Models

AntiCP 3.0 uses two prediction models:

  • Finetuned-ESM2 + BLAST
  • Finetuned-ESM2
Both models are based on a fine-tuned ESM2-t33 deep learning architecture, trained on experimentally validated anticancer proteins. The hybrid model additionally incorporates a BLAST-based alignment approach to identify similarities with known anticancer proteins, further improving predictive accuracy.

Predict

This module enables users to predict anticancer proteins with ease. Users can input sequences in one of the following ways:

  • Type or paste single/multiple peptides in FASTA format directly into the query box.
  • Upload a file containing sequences in FASTA format.
After providing the sequences, users can choose a prediction model:
  1. Finetuned ESM2 + BLAST (default option).
  2. Finetuned ESM2
Users can set a cut-off threshold for classification based on their specific requirements. The module also allows users to select various protein properties to be displayed, including:
  • Hydrophobicity
  • Steric hindrance
  • Molecular weight
  • Net charge
  • And more
For better job tracking, users can provide a job title and their email address (optional). Once all inputs and preferences are set, click Submit to process your prediction job. Prediction page

Prediction Result

After the prediction, the results are displayed in a tabular format (see figure below). The information displayed depends on the selected prediction model:
  • Hybrid Model: The table includes the following columns:
    • ML_Score
    • BLAST_Score
    • Hybrid_Score
    • Prediction
    • All selected properties (e.g., hydrophobicity, molecular weight, etc.).
  • Model 1: The table includes:
    • ML_Score
    • Prediction
    • All selected properties (e.g., hydrophobicity, molecular weight, etc.).
  • Mechanism of Action of ACP

BLAST

This module enables users to search a query protein sequence against the database of known anticancer and non-anticancer proteins using a similarity-based search method, i.e. BLAST. The module predicts the query sequence as:

  • Anticancer: If a match (hit) is found in the database.
  • Non-Anticancer: If no match (hit) is found in the database.
Users can input multiple protein sequences at once in the text area or upload them in FASTA format.

Mechanism of Action of ACP

BLAST Result

Based on the hit, each submitted sequence is given a prediction. Users can also view the detailed BLAST alignment results. Mechanism of Action of ACP

Standalone

Installation and Usage

  1. Navigate to the Download tab.
  2. Download the standalone version: Anticp3.zip.
  3. Note: If you do not have Anaconda installed on your system, you can download and install it from Miniconda Installation Guide.

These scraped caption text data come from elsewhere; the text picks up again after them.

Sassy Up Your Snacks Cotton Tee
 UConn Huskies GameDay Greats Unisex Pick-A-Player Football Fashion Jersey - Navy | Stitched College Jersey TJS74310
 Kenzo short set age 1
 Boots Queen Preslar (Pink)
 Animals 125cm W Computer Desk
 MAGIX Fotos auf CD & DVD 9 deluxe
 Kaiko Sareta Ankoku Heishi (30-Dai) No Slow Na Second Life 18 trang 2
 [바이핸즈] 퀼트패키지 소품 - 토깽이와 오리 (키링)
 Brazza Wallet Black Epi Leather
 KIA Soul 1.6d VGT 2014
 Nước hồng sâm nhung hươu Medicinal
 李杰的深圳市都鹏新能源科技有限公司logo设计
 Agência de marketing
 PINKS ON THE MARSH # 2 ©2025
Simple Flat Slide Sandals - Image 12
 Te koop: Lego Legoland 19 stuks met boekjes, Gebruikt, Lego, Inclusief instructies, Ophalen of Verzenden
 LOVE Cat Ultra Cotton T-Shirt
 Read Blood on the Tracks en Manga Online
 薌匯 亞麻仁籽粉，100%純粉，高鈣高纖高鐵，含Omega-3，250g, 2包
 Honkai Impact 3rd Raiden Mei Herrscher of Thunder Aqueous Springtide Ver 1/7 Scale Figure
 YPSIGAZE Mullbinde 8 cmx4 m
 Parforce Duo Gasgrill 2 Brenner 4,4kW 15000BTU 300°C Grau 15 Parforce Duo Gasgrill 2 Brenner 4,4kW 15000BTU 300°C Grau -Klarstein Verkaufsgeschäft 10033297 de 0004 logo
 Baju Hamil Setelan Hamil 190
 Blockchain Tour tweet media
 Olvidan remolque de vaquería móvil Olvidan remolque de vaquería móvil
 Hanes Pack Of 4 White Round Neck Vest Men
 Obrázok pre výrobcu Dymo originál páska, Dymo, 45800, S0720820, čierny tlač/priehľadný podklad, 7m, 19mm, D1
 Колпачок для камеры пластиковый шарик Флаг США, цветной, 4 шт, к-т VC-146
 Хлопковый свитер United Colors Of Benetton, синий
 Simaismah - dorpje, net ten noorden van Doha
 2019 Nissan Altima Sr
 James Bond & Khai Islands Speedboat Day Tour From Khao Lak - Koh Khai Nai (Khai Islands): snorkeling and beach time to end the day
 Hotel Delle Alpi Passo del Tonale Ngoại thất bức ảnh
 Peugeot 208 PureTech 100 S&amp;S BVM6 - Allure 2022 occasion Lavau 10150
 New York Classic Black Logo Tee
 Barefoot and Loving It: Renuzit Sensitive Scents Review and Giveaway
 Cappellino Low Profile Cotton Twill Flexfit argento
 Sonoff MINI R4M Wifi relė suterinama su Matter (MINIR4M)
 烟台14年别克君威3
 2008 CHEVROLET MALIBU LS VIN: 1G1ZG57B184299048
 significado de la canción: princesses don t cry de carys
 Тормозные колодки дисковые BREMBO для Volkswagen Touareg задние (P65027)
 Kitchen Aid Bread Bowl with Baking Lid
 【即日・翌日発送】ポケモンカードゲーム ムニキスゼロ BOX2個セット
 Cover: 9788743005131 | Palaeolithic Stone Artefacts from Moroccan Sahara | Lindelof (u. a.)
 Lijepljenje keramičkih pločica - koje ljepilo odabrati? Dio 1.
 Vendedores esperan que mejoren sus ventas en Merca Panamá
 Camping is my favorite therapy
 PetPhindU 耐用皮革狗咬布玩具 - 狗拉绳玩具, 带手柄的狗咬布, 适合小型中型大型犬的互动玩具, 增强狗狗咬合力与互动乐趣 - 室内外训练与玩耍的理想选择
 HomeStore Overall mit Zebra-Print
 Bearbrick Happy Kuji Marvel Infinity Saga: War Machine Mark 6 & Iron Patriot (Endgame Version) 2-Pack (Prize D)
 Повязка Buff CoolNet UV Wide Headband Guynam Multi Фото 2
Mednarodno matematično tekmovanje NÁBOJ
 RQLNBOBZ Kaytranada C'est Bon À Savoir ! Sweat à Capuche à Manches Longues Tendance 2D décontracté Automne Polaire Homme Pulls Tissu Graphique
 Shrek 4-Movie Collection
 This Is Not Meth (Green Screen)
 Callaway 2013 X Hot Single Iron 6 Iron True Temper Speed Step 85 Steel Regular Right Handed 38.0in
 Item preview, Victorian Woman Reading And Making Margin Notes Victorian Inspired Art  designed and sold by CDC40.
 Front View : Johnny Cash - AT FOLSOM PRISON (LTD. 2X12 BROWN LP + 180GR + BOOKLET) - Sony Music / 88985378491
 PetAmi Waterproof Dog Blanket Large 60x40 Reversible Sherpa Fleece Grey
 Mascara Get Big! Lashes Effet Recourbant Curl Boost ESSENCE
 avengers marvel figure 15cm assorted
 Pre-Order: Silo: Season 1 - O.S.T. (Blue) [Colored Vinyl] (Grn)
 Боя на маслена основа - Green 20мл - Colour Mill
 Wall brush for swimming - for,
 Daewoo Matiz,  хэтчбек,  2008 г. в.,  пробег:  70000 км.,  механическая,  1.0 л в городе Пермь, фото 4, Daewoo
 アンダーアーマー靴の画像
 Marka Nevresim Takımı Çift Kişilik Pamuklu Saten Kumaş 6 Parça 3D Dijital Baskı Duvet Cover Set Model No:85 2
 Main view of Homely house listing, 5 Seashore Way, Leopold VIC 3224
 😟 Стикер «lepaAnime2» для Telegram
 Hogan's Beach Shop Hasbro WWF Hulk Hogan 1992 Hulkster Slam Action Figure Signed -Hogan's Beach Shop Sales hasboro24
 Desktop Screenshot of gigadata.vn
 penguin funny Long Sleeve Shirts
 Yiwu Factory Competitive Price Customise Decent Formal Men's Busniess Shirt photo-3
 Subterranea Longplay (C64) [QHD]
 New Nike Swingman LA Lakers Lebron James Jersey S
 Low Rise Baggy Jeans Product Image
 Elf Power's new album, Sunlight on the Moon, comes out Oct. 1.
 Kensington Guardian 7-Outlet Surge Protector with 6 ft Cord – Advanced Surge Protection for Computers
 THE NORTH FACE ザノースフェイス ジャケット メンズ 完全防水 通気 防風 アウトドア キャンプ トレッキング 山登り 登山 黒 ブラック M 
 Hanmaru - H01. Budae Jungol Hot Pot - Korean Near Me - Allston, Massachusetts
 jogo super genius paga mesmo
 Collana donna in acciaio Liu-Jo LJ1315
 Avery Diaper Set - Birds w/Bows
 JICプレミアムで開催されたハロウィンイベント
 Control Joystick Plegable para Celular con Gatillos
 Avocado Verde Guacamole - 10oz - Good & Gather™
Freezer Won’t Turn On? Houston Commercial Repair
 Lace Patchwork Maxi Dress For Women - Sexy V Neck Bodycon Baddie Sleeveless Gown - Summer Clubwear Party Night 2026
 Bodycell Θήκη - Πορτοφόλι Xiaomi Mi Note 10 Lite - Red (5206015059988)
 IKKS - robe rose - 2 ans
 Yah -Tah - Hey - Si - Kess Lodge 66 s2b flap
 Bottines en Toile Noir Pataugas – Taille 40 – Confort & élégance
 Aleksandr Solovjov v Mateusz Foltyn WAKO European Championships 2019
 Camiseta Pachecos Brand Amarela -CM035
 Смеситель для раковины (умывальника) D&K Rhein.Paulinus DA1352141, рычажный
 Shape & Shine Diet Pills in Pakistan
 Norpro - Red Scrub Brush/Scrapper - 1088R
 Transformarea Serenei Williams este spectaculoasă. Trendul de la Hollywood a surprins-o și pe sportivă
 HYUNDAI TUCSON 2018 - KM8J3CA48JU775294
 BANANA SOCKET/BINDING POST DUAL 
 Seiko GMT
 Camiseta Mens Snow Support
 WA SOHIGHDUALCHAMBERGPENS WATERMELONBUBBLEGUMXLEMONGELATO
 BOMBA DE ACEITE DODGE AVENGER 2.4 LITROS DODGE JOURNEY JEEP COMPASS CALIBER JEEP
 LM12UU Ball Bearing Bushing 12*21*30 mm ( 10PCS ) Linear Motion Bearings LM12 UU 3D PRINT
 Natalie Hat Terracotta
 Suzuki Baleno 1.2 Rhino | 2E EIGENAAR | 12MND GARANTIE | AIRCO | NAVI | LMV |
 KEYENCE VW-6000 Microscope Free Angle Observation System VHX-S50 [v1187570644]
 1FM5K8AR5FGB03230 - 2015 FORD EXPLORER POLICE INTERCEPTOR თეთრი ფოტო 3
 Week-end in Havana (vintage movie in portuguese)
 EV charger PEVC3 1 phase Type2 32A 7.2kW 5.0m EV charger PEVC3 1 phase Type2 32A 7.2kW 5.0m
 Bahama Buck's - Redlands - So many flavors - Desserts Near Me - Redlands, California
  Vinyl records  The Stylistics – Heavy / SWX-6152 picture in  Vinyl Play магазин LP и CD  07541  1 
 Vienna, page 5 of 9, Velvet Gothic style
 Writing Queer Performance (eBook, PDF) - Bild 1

Miniconda
  4. Open your terminal and navigate to the directory where the file was downloaded.
  5. Unzip the standalone file using the following command:
    unzip anticp3.zip
  6. Change to the anticp3_standalone directory:
    cd anticp3_standalone
  7. Set up the conda environment by running:
    conda env create -f environment.yml
  8. Activate the environment:
    conda activate anticp3
  9. Run the Python script:
    python3 anticp3.py -h

Your environment is now set up, and you can begin using the Anticp3 standalone on your system.

Pip Package

Install the official AntiCP 3.0 Python package directly from PyPI for seamless integration into your workflows.

Installation Command:

pip install anticp3

Once installed, you can use the prediction module directly in your Python scripts or terminal.

Visit our PyPI Page for full documentation and updates.

HuggingFace Model

Access the fine-tuned AntiCP 3.0 model on Hugging Face for quick inference and experimentation.

Model Page:

Hugging Face HuggingFace Repository

Example Code to Load the Model:

from transformers import AutoModelForSequenceClassification, AutoTokenizer

model = AutoModelForSequenceClassification.from_pretrained("raghavagps-group/anticp3")
tokenizer = AutoTokenizer.from_pretrained("raghavagps-group/anticp3")

sequence = "MANCVVGYIGERCQYRDLKWWELRGGGGSGGGGSAPAFSVSPASGLSDGQSVSVSVSGAAAGETYYIAQCAPVGGQDACNPATATSFTTDASGAASFSFVVRKSYTGSTPEGTPVGSVDCATAACNLGAGNSGLDLGHVALTFGGGGGSGGGGSDHYNCVSSGGQCLYSACPIFTKIQGTCYRGKAKCCKLEHHHHHH"

# Tokenize and run inference
inputs = tokenizer(sequence, return_tensors="pt", truncation=True)

with torch.no_grad():
    logits = model(**inputs).logits
    probs = torch.nn.functional.softmax(logits, dim=-1)
    prediction = torch.argmax(probs, dim=1).item()

labels = {0: "Non-Anticancer", 1: "Anticancer"}
print("Prediction:", labels[prediction])

This allows you to use AntiCP 3.0 inside any deep learning pipeline easily!